Problem details ▸ Line by line, repeat the material below exactly and leave the images out.

Collected data ▸
=====

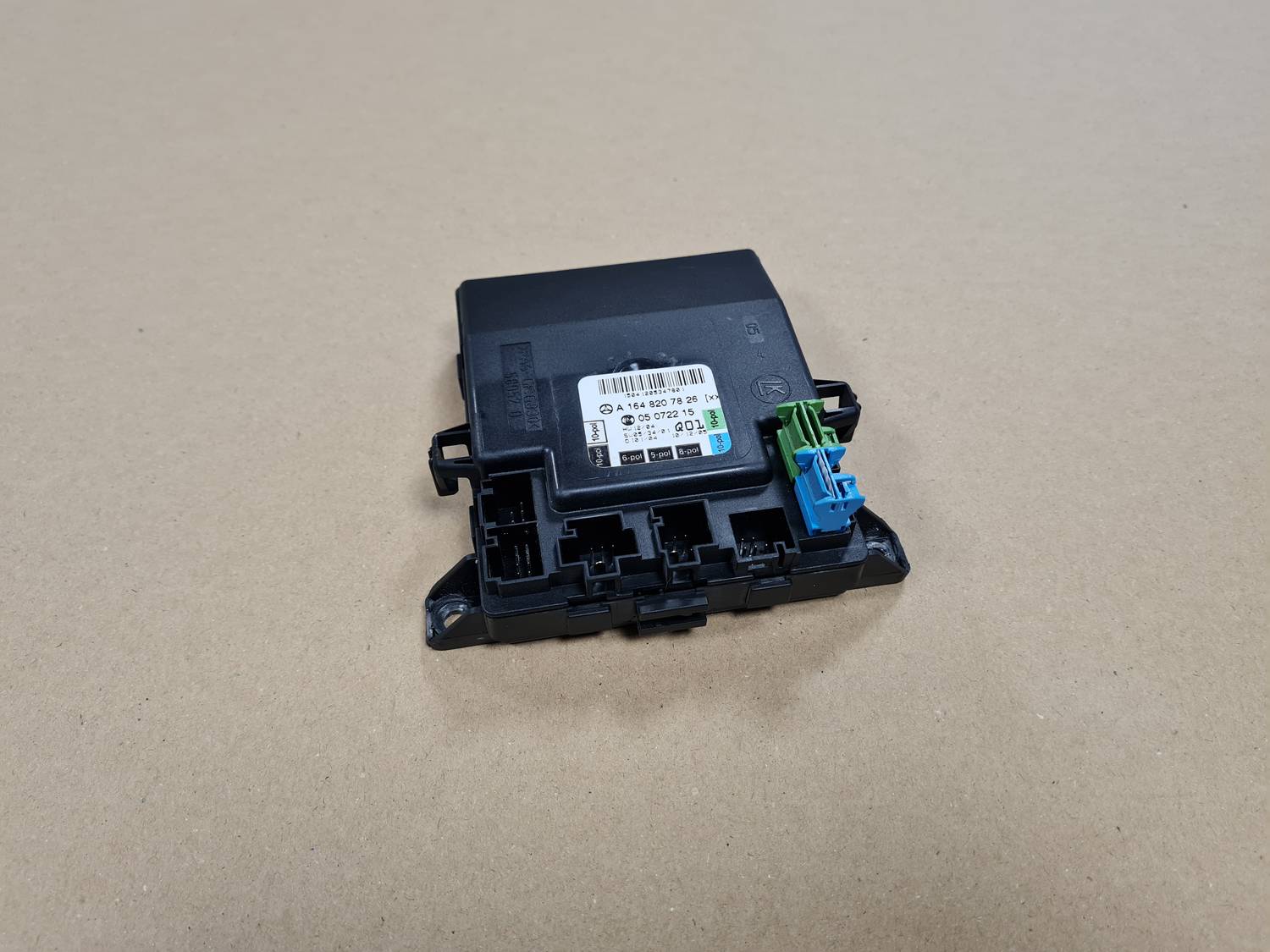 Priekšējo labo durvju vadības bloks priekš MERCEDES BENZ ML320 2006 SILVER 1 Priekšējo labo durvju vadības bloks priekš MERCEDES BENZ ML320 2006 SILVER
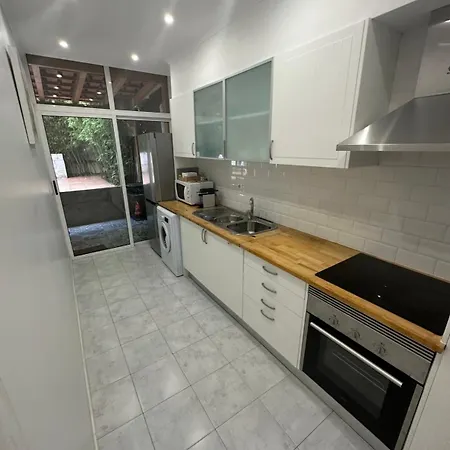 Apartman Near Monsanto W/ Barbecue *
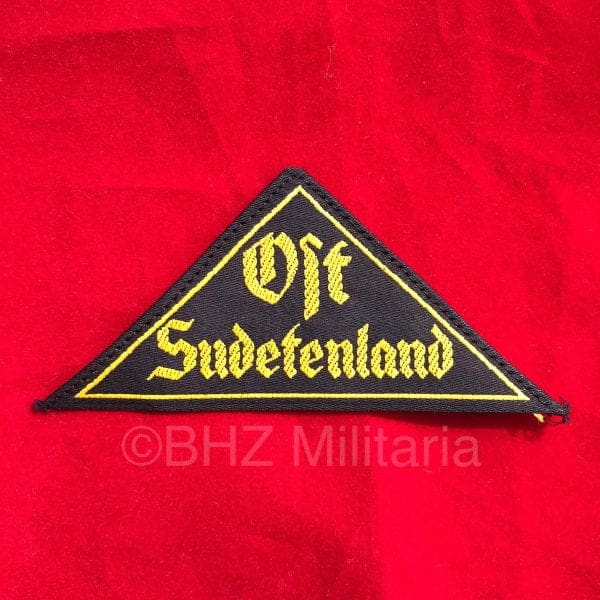 Hitler Youth Area Triangle (HJ-Gebietsdreieck) "Ost Sudetenland" with RZM label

=====

Solution to the problem ▸
 Priekšējo labo durvju vadības bloks priekš MERCEDES BENZ ML320 2006 SILVER 1 Priekšējo labo durvju vadības bloks priekš MERCEDES BENZ ML320 2006 SILVER
 Apartman Near Monsanto W/ Barbecue *
 Hitler Youth Area Triangle (HJ-Gebietsdreieck) "Ost Sudetenland" with RZM label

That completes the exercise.